The Sun Solaris operating system is the leading platform for the Oracle database. With the acquisition of Sun, Oracle can optimize the Oracle database for some of the unique, high-end features of Solaris. Oracle is as committed as ever to Linux and other open platforms, and will continue to support and enhance our strong industry partnerships.

I have some ideas on how this fits in with GNU/Linux, but really, who knows for sure? Only the players, and maybe not even the players, know what happens next. As Tim Bray puts it on Twitter, "It will be entirely safe to ignore all the uninformed prognosticators for the next few weeks. Like it or not, we're in wait-and-see mode."

Update: On the other hand, some details are already emerging that are not so pleasant to read. It seems the major investors were running the show, with members of the board talking to both Oracle and to IBM simultaneously at some point, and according to the account, IBM was surprised by the announcement:

Sun Microsystems Inc's (JAVA.O) largest investor was an invisible hand that guided the high-end computer maker's planned sale to Oracle Corp (ORCL.O), people with knowledge with the matter said on Monday.

Even though Southeastern Asset Management, which owns 22.3 percent of Sun, stands to lose money on its investment, analysts say a sale to Oracle at $9.50 a share is far preferable to waiting for Sun's share price -- which hit a low of $2.59 last November -- to recover on the Nasdaq....

Some members of Sun's board began pursuing talks with Oracle executives after three-and-a-half weeks of exclusive negotiations with IBM broke down, while others kept a discussion with IBM open, one source said.... The two sides signed on the dotted line late Sunday afternoon after drawing deal terms up, the source close to the talks said, adding, "IBM was surprised last night."

Now I have to agree that this doesn't look good. The investment firm was also a major investor in a company called Waste Management, a company involved in some kind of a dustup, and where you'll recall Bert Young worked at one time. One hopes it's a coincidence. Here's an article titled, The Best Mutual Fund Family in America" [PDF] which includes an interview with Mason Hawkins, who explains their philosophy:
Q: What is the investment philosophy of the Partners Fund?

The fund seeks long-term capital growth by investing primarily in a limited number of mid- to large-cap companies that are financially strong, well managed and that sell at market prices that are 60% of our assessment of their business value.

It’s a simple process that gets down to businesses, people and price. If you want to think of it schematically, you would draw three circles. One circle is good business, one is good people and one is good price; we want to be where those three circles intersect....

Q: Looking at your top 10 holdings, some of them are as much as 10% of total assets.

A: When we find one of those rare qualifiers, we’re willing to bet substantially on it. We believe that it is important to have a significant amount of our assets invested so that it makes a difference when the market comes round to properly valuing our firms.

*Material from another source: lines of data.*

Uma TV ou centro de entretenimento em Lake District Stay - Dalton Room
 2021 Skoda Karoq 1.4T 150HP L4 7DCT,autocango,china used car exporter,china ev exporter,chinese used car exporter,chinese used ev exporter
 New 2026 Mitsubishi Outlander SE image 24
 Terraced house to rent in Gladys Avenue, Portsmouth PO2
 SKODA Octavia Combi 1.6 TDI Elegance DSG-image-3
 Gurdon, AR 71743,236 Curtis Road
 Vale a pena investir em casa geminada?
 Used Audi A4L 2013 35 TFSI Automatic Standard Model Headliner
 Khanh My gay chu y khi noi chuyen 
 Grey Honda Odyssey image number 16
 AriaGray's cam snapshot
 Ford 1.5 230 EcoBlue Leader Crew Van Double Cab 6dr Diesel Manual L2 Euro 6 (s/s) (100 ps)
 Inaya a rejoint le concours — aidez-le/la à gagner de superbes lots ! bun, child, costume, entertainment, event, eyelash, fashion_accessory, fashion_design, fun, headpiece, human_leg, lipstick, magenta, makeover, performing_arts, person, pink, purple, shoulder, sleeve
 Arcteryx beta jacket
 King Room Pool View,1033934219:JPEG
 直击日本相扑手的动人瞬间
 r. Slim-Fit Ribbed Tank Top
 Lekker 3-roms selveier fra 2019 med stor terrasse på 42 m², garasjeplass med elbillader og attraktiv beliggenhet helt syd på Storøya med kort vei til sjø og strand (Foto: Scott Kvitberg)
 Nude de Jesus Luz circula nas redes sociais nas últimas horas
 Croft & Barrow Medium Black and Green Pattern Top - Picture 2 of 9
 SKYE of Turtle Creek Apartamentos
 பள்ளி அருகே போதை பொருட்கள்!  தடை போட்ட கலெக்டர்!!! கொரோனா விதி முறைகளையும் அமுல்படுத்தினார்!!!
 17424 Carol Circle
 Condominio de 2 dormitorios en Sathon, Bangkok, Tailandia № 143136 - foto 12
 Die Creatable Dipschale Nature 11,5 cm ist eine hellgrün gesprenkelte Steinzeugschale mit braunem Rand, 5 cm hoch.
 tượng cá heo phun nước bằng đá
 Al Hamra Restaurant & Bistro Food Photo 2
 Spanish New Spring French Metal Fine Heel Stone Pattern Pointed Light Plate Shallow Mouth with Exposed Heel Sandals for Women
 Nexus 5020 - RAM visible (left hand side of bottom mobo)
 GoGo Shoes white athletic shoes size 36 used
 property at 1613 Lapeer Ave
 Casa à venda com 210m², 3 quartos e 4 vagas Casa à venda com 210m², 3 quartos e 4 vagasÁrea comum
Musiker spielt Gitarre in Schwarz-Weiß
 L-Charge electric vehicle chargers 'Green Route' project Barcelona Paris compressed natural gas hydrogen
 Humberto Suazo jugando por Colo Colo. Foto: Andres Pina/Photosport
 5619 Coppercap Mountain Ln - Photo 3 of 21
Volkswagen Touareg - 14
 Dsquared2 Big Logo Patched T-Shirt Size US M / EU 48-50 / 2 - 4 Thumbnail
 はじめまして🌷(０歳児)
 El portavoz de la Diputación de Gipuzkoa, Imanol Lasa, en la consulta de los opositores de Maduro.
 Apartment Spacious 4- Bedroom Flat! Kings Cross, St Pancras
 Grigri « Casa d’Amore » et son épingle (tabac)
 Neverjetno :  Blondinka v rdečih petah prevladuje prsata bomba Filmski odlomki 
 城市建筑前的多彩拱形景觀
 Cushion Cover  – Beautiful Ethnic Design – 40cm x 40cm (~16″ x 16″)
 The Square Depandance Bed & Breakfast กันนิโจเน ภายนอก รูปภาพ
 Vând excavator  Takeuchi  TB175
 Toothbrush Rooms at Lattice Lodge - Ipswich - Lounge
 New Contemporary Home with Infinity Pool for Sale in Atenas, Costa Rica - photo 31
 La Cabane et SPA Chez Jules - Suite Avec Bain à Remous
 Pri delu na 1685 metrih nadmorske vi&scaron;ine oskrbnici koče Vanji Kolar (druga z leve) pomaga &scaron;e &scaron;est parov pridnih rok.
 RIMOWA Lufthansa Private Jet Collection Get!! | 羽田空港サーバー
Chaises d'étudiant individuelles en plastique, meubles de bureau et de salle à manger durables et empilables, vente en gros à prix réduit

Waste Management is a good example. We made a lot of money in Waste Management the first go around, when there were some questionable accounting and other issues that we thought were temporary and would get solved. Then we had a second bite at the apple when the CEO became very ill and the company was put in disarray. We understood the business well, felt that it had the best assets in the industry and thought that the problems were easily solvable. In that particular case we were willing to put a more significant amount of money into that particular company because of our conviction about the business and ultimately about the management.

If one assumes this is the same company, this would also be the company suing SAP over software. From the latest 10K:
On March 20, 2008, we filed a lawsuit in state court in the Southern District of Texas against SAP AG and SAP America, Inc., alleging fraud and breach of contract. The lawsuit relates to our 2005 software license from SAP for a waste and recycling revenue management system and agreement for SAP to implement the software on a fixed-fee basis. We have alleged that SAP contracted to provide software that would not need to be customized or enhanced and that the software would be fully implemented throughout the Company in 18 months. We are pursuing all legal remedies, including recovery of all payments we have made, costs we have incurred and savings not realized. SAP filed a general denial to the suit. Discovery is ongoing and we have been assigned a trial date of October 2009. We are vigorously pursuing all claims available.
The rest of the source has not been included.